I would LOVE to see the emails and IMs flying (blasting off?) between the mods about now. :)

FWIW, I loved the original question. It reminds me of something that would show up in a segment on NPR's Science Friday - you know, one of those things that we've all probably wondered about but didn't really want to know the answer to because of what Mr. Woodcock taught us in 6th grade science class. Yet it turns out that you don't actually just go kablooey when your space suit has a tiny little rip in the left pinky finger.
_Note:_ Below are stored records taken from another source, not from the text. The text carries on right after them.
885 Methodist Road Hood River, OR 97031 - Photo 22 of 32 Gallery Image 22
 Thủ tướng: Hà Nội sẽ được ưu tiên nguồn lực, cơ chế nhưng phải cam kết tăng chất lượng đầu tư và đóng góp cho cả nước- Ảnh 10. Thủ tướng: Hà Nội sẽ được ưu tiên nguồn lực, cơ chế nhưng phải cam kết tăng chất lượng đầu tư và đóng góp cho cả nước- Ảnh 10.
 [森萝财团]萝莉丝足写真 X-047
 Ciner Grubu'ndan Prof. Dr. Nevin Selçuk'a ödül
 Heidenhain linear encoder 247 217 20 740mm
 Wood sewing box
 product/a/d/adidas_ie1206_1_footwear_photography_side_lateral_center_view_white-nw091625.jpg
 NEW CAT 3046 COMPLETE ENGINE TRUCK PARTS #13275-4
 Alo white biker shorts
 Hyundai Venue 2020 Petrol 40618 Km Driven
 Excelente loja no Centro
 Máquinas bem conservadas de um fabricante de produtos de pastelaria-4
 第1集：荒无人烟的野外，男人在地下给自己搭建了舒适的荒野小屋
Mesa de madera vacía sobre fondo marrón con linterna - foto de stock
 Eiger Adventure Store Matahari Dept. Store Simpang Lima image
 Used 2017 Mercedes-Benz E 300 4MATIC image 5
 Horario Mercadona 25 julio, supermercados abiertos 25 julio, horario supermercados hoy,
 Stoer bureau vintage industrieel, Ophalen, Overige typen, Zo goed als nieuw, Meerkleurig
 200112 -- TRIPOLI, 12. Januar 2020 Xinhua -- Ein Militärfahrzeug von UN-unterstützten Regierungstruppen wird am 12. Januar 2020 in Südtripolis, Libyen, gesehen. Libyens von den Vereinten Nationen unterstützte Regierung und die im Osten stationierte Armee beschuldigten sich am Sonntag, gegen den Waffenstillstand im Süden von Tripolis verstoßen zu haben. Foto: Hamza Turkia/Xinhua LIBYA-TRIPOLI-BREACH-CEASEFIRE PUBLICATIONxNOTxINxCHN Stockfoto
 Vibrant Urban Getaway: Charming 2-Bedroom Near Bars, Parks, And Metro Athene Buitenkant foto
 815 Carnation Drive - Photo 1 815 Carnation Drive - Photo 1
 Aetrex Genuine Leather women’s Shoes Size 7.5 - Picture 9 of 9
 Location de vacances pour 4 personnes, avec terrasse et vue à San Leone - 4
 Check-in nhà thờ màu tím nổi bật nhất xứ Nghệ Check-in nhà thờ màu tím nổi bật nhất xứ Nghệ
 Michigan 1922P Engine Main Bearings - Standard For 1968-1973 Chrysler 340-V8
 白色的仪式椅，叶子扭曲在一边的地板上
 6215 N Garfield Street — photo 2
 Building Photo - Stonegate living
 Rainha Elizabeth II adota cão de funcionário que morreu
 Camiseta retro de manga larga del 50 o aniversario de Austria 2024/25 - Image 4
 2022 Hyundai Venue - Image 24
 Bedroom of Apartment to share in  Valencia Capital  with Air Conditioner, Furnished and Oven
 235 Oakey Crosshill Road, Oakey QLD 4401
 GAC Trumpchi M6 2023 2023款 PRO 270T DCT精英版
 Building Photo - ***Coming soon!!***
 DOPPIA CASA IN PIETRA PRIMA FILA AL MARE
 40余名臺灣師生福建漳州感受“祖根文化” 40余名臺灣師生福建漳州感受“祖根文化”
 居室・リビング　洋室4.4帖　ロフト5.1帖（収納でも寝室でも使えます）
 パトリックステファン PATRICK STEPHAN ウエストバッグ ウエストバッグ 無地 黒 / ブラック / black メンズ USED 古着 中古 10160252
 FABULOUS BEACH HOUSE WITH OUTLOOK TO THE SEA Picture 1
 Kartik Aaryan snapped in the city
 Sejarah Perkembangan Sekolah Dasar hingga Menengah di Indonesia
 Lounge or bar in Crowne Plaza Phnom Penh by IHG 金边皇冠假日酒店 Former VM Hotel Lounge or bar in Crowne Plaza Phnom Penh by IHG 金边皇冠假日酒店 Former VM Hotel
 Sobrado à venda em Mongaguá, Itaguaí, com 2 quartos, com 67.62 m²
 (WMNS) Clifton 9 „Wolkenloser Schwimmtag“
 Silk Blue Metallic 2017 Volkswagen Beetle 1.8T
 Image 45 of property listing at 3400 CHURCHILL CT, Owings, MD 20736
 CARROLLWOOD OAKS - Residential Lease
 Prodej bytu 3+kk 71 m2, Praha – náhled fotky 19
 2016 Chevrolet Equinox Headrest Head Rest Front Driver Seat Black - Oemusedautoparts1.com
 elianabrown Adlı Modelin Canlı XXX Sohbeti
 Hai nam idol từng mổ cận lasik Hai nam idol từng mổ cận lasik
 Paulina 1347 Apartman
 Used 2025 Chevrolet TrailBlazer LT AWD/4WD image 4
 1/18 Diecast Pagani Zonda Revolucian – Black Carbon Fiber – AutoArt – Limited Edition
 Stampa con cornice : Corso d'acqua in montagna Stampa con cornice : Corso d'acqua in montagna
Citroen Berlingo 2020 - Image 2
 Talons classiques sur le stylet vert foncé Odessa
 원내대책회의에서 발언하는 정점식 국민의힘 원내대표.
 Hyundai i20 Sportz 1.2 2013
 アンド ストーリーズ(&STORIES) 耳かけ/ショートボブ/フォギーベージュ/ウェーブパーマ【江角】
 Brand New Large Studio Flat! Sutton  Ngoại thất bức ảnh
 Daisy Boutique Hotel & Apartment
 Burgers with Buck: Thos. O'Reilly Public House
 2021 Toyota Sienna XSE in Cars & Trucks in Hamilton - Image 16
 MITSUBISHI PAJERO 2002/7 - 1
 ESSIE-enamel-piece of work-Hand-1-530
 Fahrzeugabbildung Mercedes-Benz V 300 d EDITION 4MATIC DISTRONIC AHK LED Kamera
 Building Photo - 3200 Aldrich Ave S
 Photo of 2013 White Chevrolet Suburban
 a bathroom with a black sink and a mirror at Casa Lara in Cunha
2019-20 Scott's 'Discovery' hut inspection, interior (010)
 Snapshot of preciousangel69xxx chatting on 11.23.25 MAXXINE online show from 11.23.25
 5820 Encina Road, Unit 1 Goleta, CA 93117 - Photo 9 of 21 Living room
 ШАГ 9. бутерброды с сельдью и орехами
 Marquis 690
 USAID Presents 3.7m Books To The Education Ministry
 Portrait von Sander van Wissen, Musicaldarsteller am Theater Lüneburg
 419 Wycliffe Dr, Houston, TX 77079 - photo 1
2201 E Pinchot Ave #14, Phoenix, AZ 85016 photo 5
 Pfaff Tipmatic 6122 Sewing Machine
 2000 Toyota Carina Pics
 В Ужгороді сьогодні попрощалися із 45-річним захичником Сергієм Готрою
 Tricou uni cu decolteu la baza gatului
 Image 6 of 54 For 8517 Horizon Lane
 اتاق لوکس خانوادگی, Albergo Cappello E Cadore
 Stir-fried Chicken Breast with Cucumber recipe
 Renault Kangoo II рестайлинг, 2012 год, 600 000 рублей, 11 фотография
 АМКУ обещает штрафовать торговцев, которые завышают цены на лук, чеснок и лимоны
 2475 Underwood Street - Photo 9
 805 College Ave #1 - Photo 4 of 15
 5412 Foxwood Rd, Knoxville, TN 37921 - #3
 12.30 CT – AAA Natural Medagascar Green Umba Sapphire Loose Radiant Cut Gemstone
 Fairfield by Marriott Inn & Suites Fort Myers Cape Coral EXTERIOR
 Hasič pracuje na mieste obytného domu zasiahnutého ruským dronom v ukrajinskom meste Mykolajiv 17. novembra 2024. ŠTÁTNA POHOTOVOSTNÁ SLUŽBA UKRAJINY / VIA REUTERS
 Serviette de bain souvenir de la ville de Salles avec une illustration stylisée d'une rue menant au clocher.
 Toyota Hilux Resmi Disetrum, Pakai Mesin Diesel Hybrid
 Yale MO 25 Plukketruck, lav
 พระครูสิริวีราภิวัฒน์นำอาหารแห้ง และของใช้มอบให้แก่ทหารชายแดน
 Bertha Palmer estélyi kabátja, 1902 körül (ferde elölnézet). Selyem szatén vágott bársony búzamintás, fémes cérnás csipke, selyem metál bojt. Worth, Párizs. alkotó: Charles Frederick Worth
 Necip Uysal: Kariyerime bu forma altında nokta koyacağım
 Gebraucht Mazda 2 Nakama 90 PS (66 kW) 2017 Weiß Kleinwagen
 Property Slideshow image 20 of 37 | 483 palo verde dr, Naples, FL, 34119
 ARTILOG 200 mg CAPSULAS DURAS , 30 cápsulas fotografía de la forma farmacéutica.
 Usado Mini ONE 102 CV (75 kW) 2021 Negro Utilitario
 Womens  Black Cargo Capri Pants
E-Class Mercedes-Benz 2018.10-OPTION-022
So that only leaves one final astronaut question unanswered.....
posted by webhund at 6:56 PM on October 28, 2009


I would LOVE to see the emails and IMs flying (blasting off?) between the mods about now. :)

as usual, it's about what you think.

*cortex [8:16]: yeah, dumb comments in there
*cortex [8:16]: that ******** guy is a weirdy
jessamyn@gmail.com [8:16]: and ******** is also a weirdy!
jessamyn@gmail.com [8:16]: and ******** is all over the place being jerkish today
*cortex [8:17]: I BLAME THE WORLD
jessamyn@gmail.com [8:17]: flu anxiety
*cortex [8:17]: H1N1 is the loneliest number
...
jessamyn@gmail.com [8:33]: oh hey I need that animaged gif with the thing and the eyeballs falling out and the headdesk
jessamyn@gmail.com [8:33]: you have?
*cortex [8:34]: heh
*cortex [8:34]: no, but i can google if you want
jessamyn@gmail.com [8:34]: I have tried, if your google is better I'd be obliged
jessamyn@gmail.com [8:34]: am still googling
jessamyn@gmail.com [8:35]: found it
jessamyn@gmail.com [8:35]: I mostly has to ask you I guess
jessamyn@gmail.com [8:35]: http://ninjela.com/img/blog/headdesk.gif
jessamyn@gmail.com [8:35]: win!
*cortex [8:35]: http://media.photobucket.com/image/typing%20gif%20rage/Nman77/typing.gif
*cortex [8:35]: typing gif rage
jessamyn@gmail.com [8:35]: yay
jessamyn@gmail.com [8:36]: headdesk did it for me
*cortex [8:36]: ah
*cortex [8:36]: good call

posted by jessamyn (staff) at 7:06 PM on October 28, 2009 [4 favorites]


*cortex [8:17]: H1N1 is the loneliest number

I nominate cortex for cloning. Everyone should have one. maybe two!
posted by Brandon Blatcher at 8:31 PM on October 28, 2009


I see that bears vs. monkeys has not yet been reanimated. WTF.